(Scraped caption text data)
----
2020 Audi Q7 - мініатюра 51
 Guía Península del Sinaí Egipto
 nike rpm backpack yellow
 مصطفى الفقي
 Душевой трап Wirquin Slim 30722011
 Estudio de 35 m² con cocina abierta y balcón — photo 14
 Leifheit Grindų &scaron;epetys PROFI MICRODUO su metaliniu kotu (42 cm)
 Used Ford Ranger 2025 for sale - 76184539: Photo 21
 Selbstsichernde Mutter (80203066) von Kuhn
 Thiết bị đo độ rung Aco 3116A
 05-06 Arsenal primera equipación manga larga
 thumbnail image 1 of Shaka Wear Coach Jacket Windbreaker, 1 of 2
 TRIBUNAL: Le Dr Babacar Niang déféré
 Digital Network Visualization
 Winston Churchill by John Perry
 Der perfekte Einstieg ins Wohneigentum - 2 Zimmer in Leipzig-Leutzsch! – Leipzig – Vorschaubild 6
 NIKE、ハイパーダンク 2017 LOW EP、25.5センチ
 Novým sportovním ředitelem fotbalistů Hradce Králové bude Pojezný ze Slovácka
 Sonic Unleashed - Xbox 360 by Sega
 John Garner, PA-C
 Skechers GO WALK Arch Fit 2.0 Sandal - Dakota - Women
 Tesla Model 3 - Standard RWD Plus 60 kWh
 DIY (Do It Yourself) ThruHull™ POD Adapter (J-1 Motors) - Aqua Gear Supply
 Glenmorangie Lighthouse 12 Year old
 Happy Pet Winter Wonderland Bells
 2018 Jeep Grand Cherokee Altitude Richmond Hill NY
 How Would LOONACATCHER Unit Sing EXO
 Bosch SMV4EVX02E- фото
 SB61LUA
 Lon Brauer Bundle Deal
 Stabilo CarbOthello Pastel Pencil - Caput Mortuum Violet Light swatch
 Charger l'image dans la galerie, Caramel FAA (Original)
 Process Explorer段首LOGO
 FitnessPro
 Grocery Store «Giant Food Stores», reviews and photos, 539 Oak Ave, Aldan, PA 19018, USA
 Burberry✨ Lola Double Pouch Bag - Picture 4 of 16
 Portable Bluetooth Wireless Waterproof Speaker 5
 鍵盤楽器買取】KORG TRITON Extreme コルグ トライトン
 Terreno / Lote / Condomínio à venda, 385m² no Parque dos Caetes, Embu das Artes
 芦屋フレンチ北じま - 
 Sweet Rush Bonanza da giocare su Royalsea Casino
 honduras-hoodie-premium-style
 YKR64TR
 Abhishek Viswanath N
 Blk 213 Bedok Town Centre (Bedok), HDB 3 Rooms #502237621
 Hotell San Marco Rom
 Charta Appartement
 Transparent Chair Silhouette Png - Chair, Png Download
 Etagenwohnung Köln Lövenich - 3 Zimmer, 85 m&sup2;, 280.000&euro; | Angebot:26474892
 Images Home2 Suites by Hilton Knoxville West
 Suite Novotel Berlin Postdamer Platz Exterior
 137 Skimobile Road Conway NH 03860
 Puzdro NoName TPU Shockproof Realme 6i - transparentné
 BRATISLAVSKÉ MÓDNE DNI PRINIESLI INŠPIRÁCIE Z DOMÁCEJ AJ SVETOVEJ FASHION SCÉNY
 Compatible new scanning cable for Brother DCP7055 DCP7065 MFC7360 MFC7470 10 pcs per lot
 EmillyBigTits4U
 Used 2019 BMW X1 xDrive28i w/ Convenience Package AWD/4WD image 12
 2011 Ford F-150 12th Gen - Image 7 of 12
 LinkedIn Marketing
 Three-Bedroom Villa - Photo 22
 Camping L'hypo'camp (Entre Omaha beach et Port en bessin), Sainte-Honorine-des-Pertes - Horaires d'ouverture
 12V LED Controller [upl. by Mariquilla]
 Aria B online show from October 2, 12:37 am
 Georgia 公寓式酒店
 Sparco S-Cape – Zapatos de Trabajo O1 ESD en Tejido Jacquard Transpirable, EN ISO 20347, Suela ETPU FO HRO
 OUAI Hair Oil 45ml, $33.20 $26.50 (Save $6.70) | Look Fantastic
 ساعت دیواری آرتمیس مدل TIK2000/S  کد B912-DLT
----
=== Required action ===
Give again, exactly as written, the lines running from the first line of the data above through the line that contains "Etagenwohnung Köln Lövenich".

=== Exercise answer ===
2020 Audi Q7 - мініатюра 51
 Guía Península del Sinaí Egipto
 nike rpm backpack yellow
 مصطفى الفقي
 Душевой трап Wirquin Slim 30722011
 Estudio de 35 m² con cocina abierta y balcón — photo 14
 Leifheit Grindų &scaron;epetys PROFI MICRODUO su metaliniu kotu (42 cm)
 Used Ford Ranger 2025 for sale - 76184539: Photo 21
 Selbstsichernde Mutter (80203066) von Kuhn
 Thiết bị đo độ rung Aco 3116A
 05-06 Arsenal primera equipación manga larga
 thumbnail image 1 of Shaka Wear Coach Jacket Windbreaker, 1 of 2
 TRIBUNAL: Le Dr Babacar Niang déféré
 Digital Network Visualization
 Winston Churchill by John Perry
 Der perfekte Einstieg ins Wohneigentum - 2 Zimmer in Leipzig-Leutzsch! – Leipzig – Vorschaubild 6
 NIKE、ハイパーダンク 2017 LOW EP、25.5センチ
 Novým sportovním ředitelem fotbalistů Hradce Králové bude Pojezný ze Slovácka
 Sonic Unleashed - Xbox 360 by Sega
 John Garner, PA-C
 Skechers GO WALK Arch Fit 2.0 Sandal - Dakota - Women
 Tesla Model 3 - Standard RWD Plus 60 kWh
 DIY (Do It Yourself) ThruHull™ POD Adapter (J-1 Motors) - Aqua Gear Supply
 Glenmorangie Lighthouse 12 Year old
 Happy Pet Winter Wonderland Bells
 2018 Jeep Grand Cherokee Altitude Richmond Hill NY
 How Would LOONACATCHER Unit Sing EXO
 Bosch SMV4EVX02E- фото
 SB61LUA
 Lon Brauer Bundle Deal
 Stabilo CarbOthello Pastel Pencil - Caput Mortuum Violet Light swatch
 Charger l'image dans la galerie, Caramel FAA (Original)
 Process Explorer段首LOGO
 FitnessPro
 Grocery Store «Giant Food Stores», reviews and photos, 539 Oak Ave, Aldan, PA 19018, USA
 Burberry✨ Lola Double Pouch Bag - Picture 4 of 16
 Portable Bluetooth Wireless Waterproof Speaker 5
 鍵盤楽器買取】KORG TRITON Extreme コルグ トライトン
 Terreno / Lote / Condomínio à venda, 385m² no Parque dos Caetes, Embu das Artes
 芦屋フレンチ北じま - 
 Sweet Rush Bonanza da giocare su Royalsea Casino
 honduras-hoodie-premium-style
 YKR64TR
 Abhishek Viswanath N
 Blk 213 Bedok Town Centre (Bedok), HDB 3 Rooms #502237621
 Hotell San Marco Rom
 Charta Appartement
 Transparent Chair Silhouette Png - Chair, Png Download
 Etagenwohnung Köln Lövenich - 3 Zimmer, 85 m&sup2;, 280.000&euro; | Angebot:26474892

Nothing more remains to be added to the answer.